AF: The question of returning to civil society and functioning well after a prolonged period in the war zone is a significant challenge for many journalists. Making a good adjustment to life back home is of course essential if relationships are to endure. When this transition cannot be made, marriages break up and friendships are often lost. In the process, this adds significantly to the distress of a journalist. This is a theme that crops up repeatedly in my therapy with journalists.
NC: What are the differences, psychologically, of reporting a natural disaster – where there is still a high volume of death and images of horror – and reporting from a war zone?
AF: It has been my experience that journalists can become very distressed with having to report this particular kind of traumatic event. I recently saw this first-hand with the earthquake in Haiti. That event was deeply disturbing to a number of journalists. That said, there is a fundamental difference between covering natural disasters and war. In the latter, there is a very real and significant threat directed towards the journalists whereas with disasters, this variable is usually absent. This suggests to me that war is a more hazardous work environment for journalists and as such one is likely to see more significant psychopathology as a result, but until such time as there is a direct comparison between these two particular kinds of stressors, I cannot definitely answer this question. But yes indeed, disasters can certainly trigger emotional distress in the fifth estate.

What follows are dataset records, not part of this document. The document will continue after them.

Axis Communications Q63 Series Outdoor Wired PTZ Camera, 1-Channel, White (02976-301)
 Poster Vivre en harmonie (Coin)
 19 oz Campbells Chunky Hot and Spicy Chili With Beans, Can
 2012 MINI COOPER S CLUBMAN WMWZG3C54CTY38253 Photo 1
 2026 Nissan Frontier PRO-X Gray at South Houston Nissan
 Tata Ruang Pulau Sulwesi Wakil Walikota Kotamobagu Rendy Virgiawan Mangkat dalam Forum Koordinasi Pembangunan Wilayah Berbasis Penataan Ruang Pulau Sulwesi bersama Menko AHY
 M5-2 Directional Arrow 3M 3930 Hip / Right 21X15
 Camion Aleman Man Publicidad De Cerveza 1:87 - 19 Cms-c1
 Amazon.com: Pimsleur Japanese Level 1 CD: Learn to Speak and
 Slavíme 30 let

NC: How have news organizations reacted to your research? Have there been
changes in the provision of counsellors/ therapists for journalists returning from conflict?
AF: News organizations generally react very positively to my research. I believe that my early studies were responsible for a sea change in the attitude amongst many news organizations in that, for the very first time, they began offering confidential counselling to their front-line journalists. I have now been researching journalists for 15 years and so I see how the culture is changing and how organizations are certainly more open and supportive to their war journalists on this particular question. However, there are always individuals and in some cases organizations who disagree with this. These dinosaurs take what I believe is a punitive view which is that if journalists don’t have the “right stuff”, they should get out of the field and do something else. I believe this is fundamentally wrong. Great journalists can, on occasion, become very distressed by their work. They can benefit from therapy and in the process get back to doing their important and courageous work.